BACKUP_DIR="/backups/mysql"
DATE=$(date +%Y%m%d_%H%M%S)
# Create backup with compression
mysqldump \
--host="$DB_HOST" \
--user="$DB_USERNAME" \
--password="$DB_PASSWORD" \
--single-transaction \
--routines \
--triggers \
--events \
"$DB_NAME" | gzip > "$BACKUP_DIR/${DB_NAME}_${DATE}.sql.gz"
# Retain only last 30 days of backups
find "$BACKUP_DIR" -name "${DB_NAME}_*.sql.gz" -mtime +30 -delete
Point-in-Time Recovery
# Enable binary logging for point-in-time recovery
[mysqld]
log-bin=mysql-bin
binlog-format=ROW
expire_logs_days=7
2. Disaster Recovery
Recovery Procedures
# Restore from backup
gunzip < /backups/mysql/altus4_metadata_20240115_120000.sql.gz | \
mysql -h "$DB_HOST" -u "$DB_USERNAME" -p"$DB_PASSWORD" "$DB_NAME"

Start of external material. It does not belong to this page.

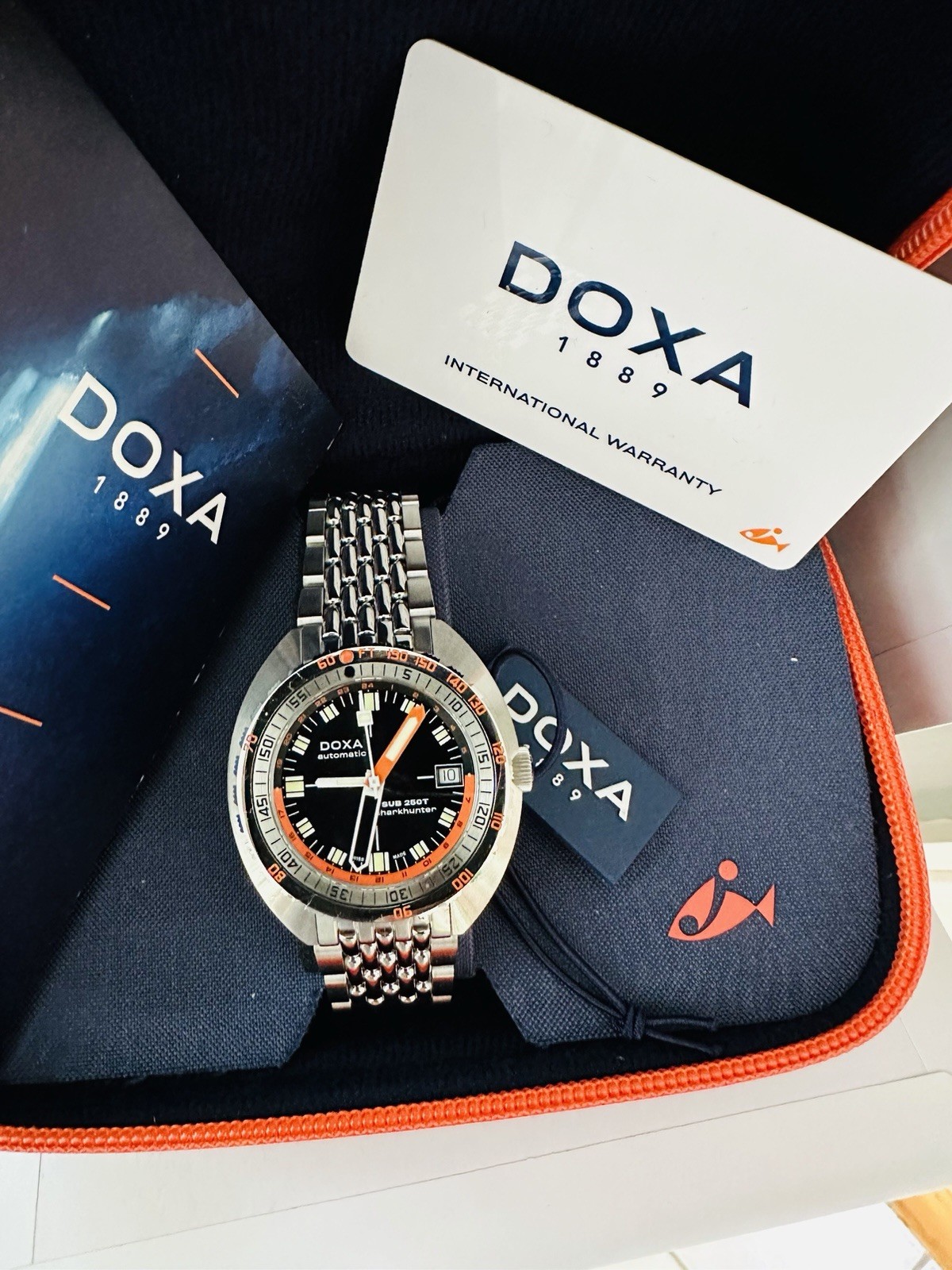 Doxa Sub 250T GMT Sharkhunter with SS Case and Orange GMT Hand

# Apply binary logs for point-in-time recovery
mysqlbinlog --start-datetime="2024-01-15 12:00:00" \
--stop-datetime="2024-01-15 14:30:00" \
mysql-bin.000001 | \
mysql -h "$DB_HOST" -u "$DB_USERNAME" -p"$DB_PASSWORD"
Security Considerations
1. Data Encryption
At Rest Encryption
-- Enable encryption at rest
CREATE TABLE sensitive_data (
id INT PRIMARY KEY,
encrypted_data VARBINARY(255)
) ENCRYPTION='Y';
In Transit Encryption
// SSL connection configuration
const sslConfig = {
ssl: {
ca: fs.readFileSync('ca-cert.pem'),
key: fs.readFileSync('client-key.pem'),
cert: fs.readFileSync('client-cert.pem'),
rejectUnauthorized: true,
},
};
2. Access Control
Database User Privileges
-- Principle of least privilege
CREATE USER 'altus4_app'@'%' IDENTIFIED BY 'secure_password';
-- Grant only necessary permissions
GRANT SELECT, INSERT, UPDATE ON altus4_metadata.users TO 'altus4_app'@'%';
GRANT SELECT, INSERT, UPDATE, DELETE ON altus4_metadata.api_keys TO 'altus4_app'@'%';
GRANT SELECT, INSERT ON altus4_metadata.searches TO 'altus4_app'@'%';
GRANT SELECT, INSERT, UPDATE ON altus4_metadata.analytics TO 'altus4_app'@'%';
-- Read-only access to user databases
GRANT SELECT ON user_database.* TO 'altus4_search'@'%';
3. Audit Logging
-- Enable audit logging
INSTALL PLUGIN audit_log SONAME 'audit_log.so';
SET GLOBAL audit_log_policy = 'ALL';
SET GLOBAL audit_log_format = 'JSON';
Related Documentation
- Service Layer Architecture - How services interact with databases
- Security Model - Comprehensive security architecture
- API Reference - Database management API endpoints
- Deployment Guide - Production database setup
The database architecture provides a solid foundation for Altus 4's multi-tenant search capabilities while maintaining security, performance, and scalability.